In the United States, growth is expected to cool slightly, but remain
strong enough for the Federal Reserve to stay on track for two rate
hikes this year, even if it is likely to hold rates steady this week
[ECILT/US].

SIGNS OF SLOWDOWN
European factory growth remained subdued in July, with scant sign of a
pick up anytime soon. Manufacturers across Asia provided evidence of a
loss of momentum across the region.
IHS Markit’s July final euro zone manufacturing Purchasing Managers’
Index only nudged up to 55.1 from June’s 18-month low of 54.9, unchanged
from an initial reading and still comfortably above the 50 level that
separates growth from contraction. [EUR/PMIM]
Meanwhile, British factories lost momentum and manufacturers were
their most downbeat in nearly two years, likely raising fresh questions
about the actual need for a Bank of England interest rate hike on
Thursday [GB/PMIM].
China’s Caixin/Markit Manufacturing PMI dropped to 50.8 from June’s 51.0, broadly in line with an official survey on Tuesday.
The headline number remained above the 50-point mark for the 14th
consecutive month, but a reading on new export orders showed a marked
contraction at 48.4.
“The data breakdown indicates that an uncertain demand outlook amidst
the U.S.-China trade tariffs weighed on both output and sentiment,”
said Aakanksha Bhat, Asia economist at HSBC in Hong Kong.
Similar surveys revealed slowing activity from Australia to Japan.

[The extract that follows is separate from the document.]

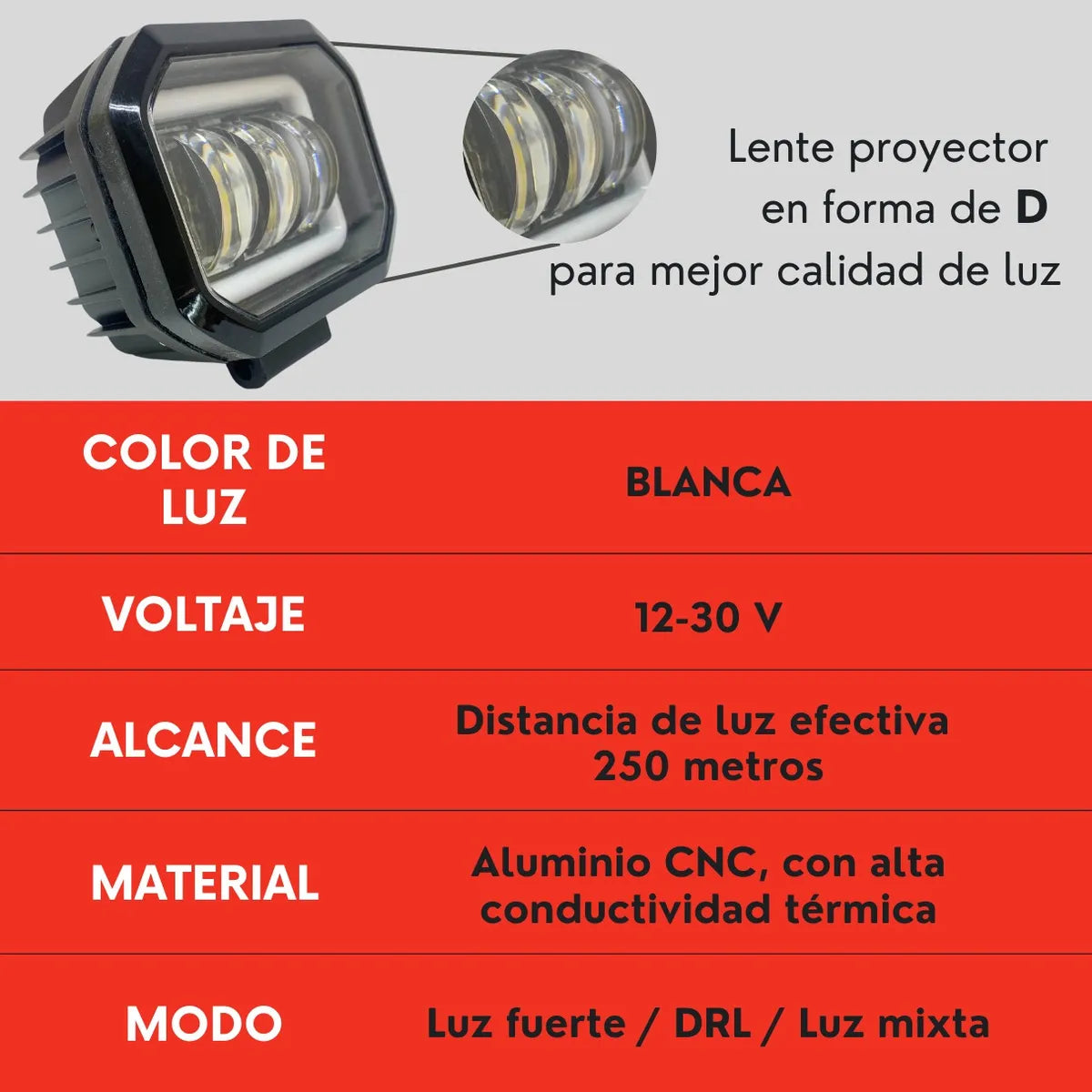 Par Faro Ojo Angel 4'' Faro Niebla Luz Blanca Auto Moto Ore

PMIs also showed a contraction in Malaysia, a slowdown in Vietnam and
Taiwan, and only a modest pick-up in Indonesia. South Korea’s exports
showed slower-than-expected growth.
Growth in India’s manufacturing industry also slowed last month,
according to a survey released showed just before the Reserve Bank of
India raised interest rates.
The shipping container market, in which the vast majority of finished
manufacturing goods are imported and exported, shows a similar gloomy
picture: the Harpex container index has fallen by 10 percent from the
highest levels since 2011 that it hit in June.